Fugas - Vinhos

Como Margarida Cabaço pôs o seu vinho entre os 22 melhores do mundo

Por Alexandra Prado Coelho

“Aprendi a fazer vinho como aprendi a cozinhar, provando e misturando”, diz-nos Margarida Cabaço que, depois de abrir o restaurante São Rosas em Estremoz, produziu, segundo a revista Wine Enthusiast, o 22.º melhor vinho do mundo.

É difícil imaginar como é que a rapariga que nos anos 70 se passeava por Estremoz com longos cabelos aos caracóis, calças de ganga remendadas e botas mexicanas, despertando a curiosidade dos locais, se transformou numa alentejana, cozinheira de primeira e produtora de vinho – e, já agora, um dos seus vinhos, o Monte dos Cabaços Reserva 2007, foi colocado pela revista Wine Enthusiast no 22º lugar da lista dos 100 melhores do mundo.

“Quando cheguei aqui, vinda da Holanda onde vivi entre os seis e os 16 anos, senti-me a cair num precipício, mesmo lá para o fundo”, conta. Estamos sentados à volta de uma mesa redonda numa quinta perto de Estremoz, num dia frio e chuvoso de um Maio atípico, com as pernas metidas debaixo de uma camilha, a apanhar o calor que vem do aquecedor eléctrico e a ouvir a história de Margarida Cabaço, dona do restaurante São Rosas e produtora dos vinhos Monte dos Cabaços e Margarida. Em cima da mesa, chávenas de café.

“As pessoas paravam-me na rua a oferecer dinheiro para comprar as minhas botas”, recorda, acendendo um cigarro. “As meninas aqui andavam de meias pelos joelhos e sapatinhos de atacar. Eu dizia para a minha mãe ‘as pessoas ficam a olhar para mim como se tivessem visto um bicho’”. Não conhecia quase ninguém, sentia-se deslocada, sonhava ir-se embora, implorava ao pai que a pusesse noutro lado, “nem que fosse num colégio interno”.

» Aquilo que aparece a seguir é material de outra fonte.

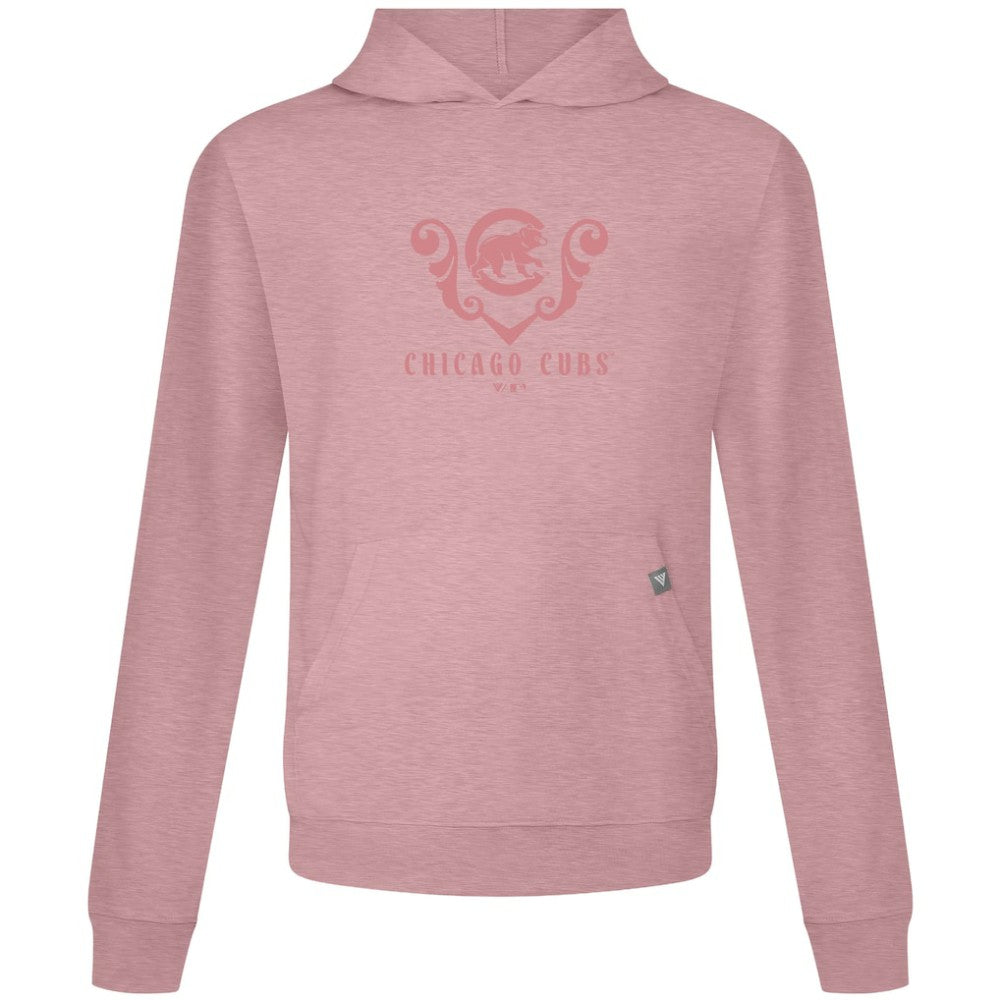 Chicago Cubs Levelwear Bridal Rose Relay Pullover Hoodie - MLB Hoodies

Mas o pai disse-lhe que tinha que acabar o liceu e foi quando andava ainda às voltas com a geografia e a História de Portugal – que conhecia mal depois de tantos anos na Holanda – que conheceu Joaquim Cabaço. “Eu tinha 17 anos, ele tinha 25 e vinha de muitos sítios. Saiu daqui aos 15 ou 16 anos, foi para Lisboa e assim que fez 18 começou a viajar, dois meses aqui, três ali.” Ela apaixonou-se e convenceu-se de que ia passar a viajar. “Mas ele nunca mais saiu daqui”. E, por isso, Margarida, já com o liceu acabado, comunicou aos pais que afinal também já não queria sair dali.

A primeira aventura, já ao lado de Joaquim, foi a abertura de uma loja em Estremoz, a Show Off. “Isto passa-se em 1979, 80. Fomos a Lisboa escolher as coisas e trouxemos roupa da Ana Salazar, que na altura tinha a marca Maçã, do Giuseppe Luigi que é o José Luís Barbosa, do Pedro Luz, do Philippe Martin”. Abriram e “as pessoas não percebiam o que era a loja”, onde havia roupa mas também música e se podia beber café. Para fazer publicidade às colecções, Margarida chegou a ir para o café central de Estremoz com um amigo, vestidos com os camuflados de Ana Salazar e com as etiquetas penduradas.

Mas a rapariga que achava Estremoz parado estava destinada a algo ainda mais radical. Ficou à espera do primeiro dos seus quatro filhos e, com Joaquim, decidiu mudar-se para o monte do Troca Leite, para uma casinha que não tinha luz nem água. A filha Marta Mateus tem estado a ouvir as histórias da mãe, que agora se cruzam com as suas memórias. “Era uma casa de um conto, foi aí que nós crescemos”, diz, recordando como ficavam as pessoas iluminadas pelos candeeiros a petróleo à noite.